ACTIVITY: Check every line of the records below for the string "photo" and copy the ones that have it.

----- SUPPLIED MATERIAL -----

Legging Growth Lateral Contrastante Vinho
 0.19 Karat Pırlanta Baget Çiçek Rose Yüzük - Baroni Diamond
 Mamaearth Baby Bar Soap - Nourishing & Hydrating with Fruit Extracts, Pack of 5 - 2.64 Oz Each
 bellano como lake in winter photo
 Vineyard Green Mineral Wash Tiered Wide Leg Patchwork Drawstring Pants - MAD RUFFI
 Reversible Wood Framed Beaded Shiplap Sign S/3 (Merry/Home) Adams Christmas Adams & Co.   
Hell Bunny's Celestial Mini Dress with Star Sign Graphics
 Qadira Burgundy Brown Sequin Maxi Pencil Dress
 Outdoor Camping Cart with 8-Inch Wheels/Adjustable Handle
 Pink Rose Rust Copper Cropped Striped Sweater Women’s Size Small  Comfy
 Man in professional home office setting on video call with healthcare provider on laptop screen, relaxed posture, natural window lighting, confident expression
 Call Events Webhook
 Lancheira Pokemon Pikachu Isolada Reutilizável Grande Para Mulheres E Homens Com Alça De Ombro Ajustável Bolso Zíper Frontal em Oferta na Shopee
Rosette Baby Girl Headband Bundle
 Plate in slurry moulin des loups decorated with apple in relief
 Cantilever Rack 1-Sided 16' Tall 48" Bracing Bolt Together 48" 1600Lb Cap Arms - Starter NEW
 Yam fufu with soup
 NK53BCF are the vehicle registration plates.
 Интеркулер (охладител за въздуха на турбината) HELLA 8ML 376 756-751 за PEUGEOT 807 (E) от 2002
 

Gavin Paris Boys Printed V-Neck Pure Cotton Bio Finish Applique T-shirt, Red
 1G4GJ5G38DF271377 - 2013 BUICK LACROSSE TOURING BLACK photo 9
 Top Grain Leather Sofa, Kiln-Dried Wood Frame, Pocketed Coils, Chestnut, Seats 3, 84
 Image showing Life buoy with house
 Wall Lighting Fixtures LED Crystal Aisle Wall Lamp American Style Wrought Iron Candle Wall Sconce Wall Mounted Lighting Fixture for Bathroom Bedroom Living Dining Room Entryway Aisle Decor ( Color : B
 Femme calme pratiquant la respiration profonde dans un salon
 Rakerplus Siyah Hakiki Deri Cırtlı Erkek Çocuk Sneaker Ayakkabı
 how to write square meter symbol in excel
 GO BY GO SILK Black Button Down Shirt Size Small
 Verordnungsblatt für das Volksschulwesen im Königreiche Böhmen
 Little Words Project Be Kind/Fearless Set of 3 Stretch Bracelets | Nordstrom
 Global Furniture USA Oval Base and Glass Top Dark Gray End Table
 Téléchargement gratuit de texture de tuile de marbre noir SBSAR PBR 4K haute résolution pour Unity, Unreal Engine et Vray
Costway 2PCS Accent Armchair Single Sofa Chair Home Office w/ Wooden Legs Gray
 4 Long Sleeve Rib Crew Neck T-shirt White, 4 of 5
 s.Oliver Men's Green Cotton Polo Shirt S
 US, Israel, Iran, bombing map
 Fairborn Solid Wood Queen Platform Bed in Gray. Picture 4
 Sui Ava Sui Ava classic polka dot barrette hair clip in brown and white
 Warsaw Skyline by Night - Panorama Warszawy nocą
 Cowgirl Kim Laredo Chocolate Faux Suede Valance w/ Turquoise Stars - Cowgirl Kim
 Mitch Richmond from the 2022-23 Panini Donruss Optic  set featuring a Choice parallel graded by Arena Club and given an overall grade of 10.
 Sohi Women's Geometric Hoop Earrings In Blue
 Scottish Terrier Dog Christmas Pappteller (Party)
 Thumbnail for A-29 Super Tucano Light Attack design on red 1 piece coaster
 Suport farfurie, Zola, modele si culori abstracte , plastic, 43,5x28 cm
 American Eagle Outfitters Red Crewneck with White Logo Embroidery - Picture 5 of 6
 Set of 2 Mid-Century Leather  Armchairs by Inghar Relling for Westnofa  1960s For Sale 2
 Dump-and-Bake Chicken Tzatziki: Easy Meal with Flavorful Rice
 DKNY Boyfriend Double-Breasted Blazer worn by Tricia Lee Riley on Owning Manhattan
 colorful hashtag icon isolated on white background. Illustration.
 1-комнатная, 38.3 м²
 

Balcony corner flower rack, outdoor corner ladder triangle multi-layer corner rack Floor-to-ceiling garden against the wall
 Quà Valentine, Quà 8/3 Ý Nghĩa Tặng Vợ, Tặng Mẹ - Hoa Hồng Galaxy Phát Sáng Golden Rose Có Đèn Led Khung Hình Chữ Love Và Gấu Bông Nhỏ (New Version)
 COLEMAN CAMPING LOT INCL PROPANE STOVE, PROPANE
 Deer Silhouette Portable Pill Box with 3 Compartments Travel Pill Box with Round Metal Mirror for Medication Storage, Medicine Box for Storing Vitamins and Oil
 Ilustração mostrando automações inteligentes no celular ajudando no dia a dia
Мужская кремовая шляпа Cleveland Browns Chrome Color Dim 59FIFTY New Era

-----

RESULT FOR THIS TASK:
 bellano como lake in winter photo
 1G4GJ5G38DF271377 - 2013 BUICK LACROSSE TOURING BLACK photo 9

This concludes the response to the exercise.